Relevance of biallelic versus monoallelic TNFRSF13B mutations in distinguishing disease-causing from risk-increasing TNFRSF13B variants in antibody deficiency syndromes
Blood Salzer et al.
113: 1967
Supplemental materials for: Salzer et al
Files in this Data Supplement:
- Document 1. Supplemental methods (PDF, 108 KB)
- Document 1. Supplemental results (PDF, 14.2 KB)
- Table S1. Sequence analysis of TACI amino acid substitutions with ConSeq, ConSurf, PMut, PolyPhen, and SIFT, all of which evaluate the variant sequence in a multiple alignment (PDF, 24.5 KB) -
ConSeq and ConSurf both provide conservation scores, though ConSurf can only provide such scores for amino acids in the CRD2 domain. Positions in the CRD2 domain have ConSurf scores listed in parenthesis. For ConSeq or ConSurf, we consider an amino acid substitution to be deleterious if the conservation score is at least seven. PMut provides both a prediction of whether a substitution is pathological or neutral and a reliability score between zero and nine; the reliability score is the number in parenthesis. In the summary column, there are two “X” marks if at least two of the following four predictions are made: deleterious by ConSeq; pathological by PMut with a reliability score of five or higher; possibly or probably damaging by PolyPhen; and not tolerated (score < 0.05) by SIFT. There is a single “X,” if exactly one of the four predictions is made.

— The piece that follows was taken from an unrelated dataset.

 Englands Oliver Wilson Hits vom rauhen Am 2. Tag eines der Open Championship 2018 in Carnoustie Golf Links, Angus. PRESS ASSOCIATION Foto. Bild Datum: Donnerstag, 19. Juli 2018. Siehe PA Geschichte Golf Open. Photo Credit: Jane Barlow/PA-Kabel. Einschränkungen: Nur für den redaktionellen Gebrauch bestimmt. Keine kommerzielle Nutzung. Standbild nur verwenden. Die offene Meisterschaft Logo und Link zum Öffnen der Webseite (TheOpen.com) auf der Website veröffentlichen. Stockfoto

- Table S2. Locations that SCpred and SCide predict to be stability centers of wild-type TACI (PDF, 141 KB) -
The first column names an amino acid and its position in wild-type TACI. An “X” in the second column indicates that SCpred predicts the corresponding position to be a stabilization center. The “XX” in column three indicates that SCide predicts position 87 to be a stabilzation center for two of three chains of TACI in 1xu1. Note that SCide is only applicable to R72, Y79, and C104, as only those position are in the structure 1xu1.
- Table S3. Scores for intrinsic disorder reported by DisEMBL (PDF, 420 KB) -
Each row of the table contains the disorder scores at a particular position in both wild-type TACI and in TACI with the amino acid substitution named in the first column. Each pair of columns – two and three; four and five; or six and seven -- represents the scores generated by one of the rules used by DisEMBL. The score for wild-type TACI is on the left of each pair and the score for the corresponding substitution is on the right. Bold entries indicate positions predicted by DisEMBL to be disordered. The cutoffs used are above 0.516 for loops/coils, above 0.1204 for hot-loops, and above 0.6 for Remark465.
- Table S4. Scores for intrinsic disorder reported by DISOPRED2 (PDF, 237 KB) -
Each row of the table contains the disorder scores at a particular position in both wild-type TACI and in TACI with the amino acid substitution named in the first column. The score for wild-type TACI is in the second column and the score for TACI with the corresponding substitution is in the third column. Bold entries indicate positions predicted by DISOPRED2 to be disordered. The cutoff used is 0.086.
- Table S5. Scores for intrinsic disorder reported by DRIPPRED (PDF, 192 KB) -
Each row of the table contains the disorder scores at a particular position in both wild-type TACI and in TACI with the amino acid substitution named in the first column. The score for wild-type TACI is in the second column and the score for TACI with the corresponding substitution is in the third column. Bold entries indicate positions predicted by DRIPPRED to be disordered. The cutoff used is 0.5.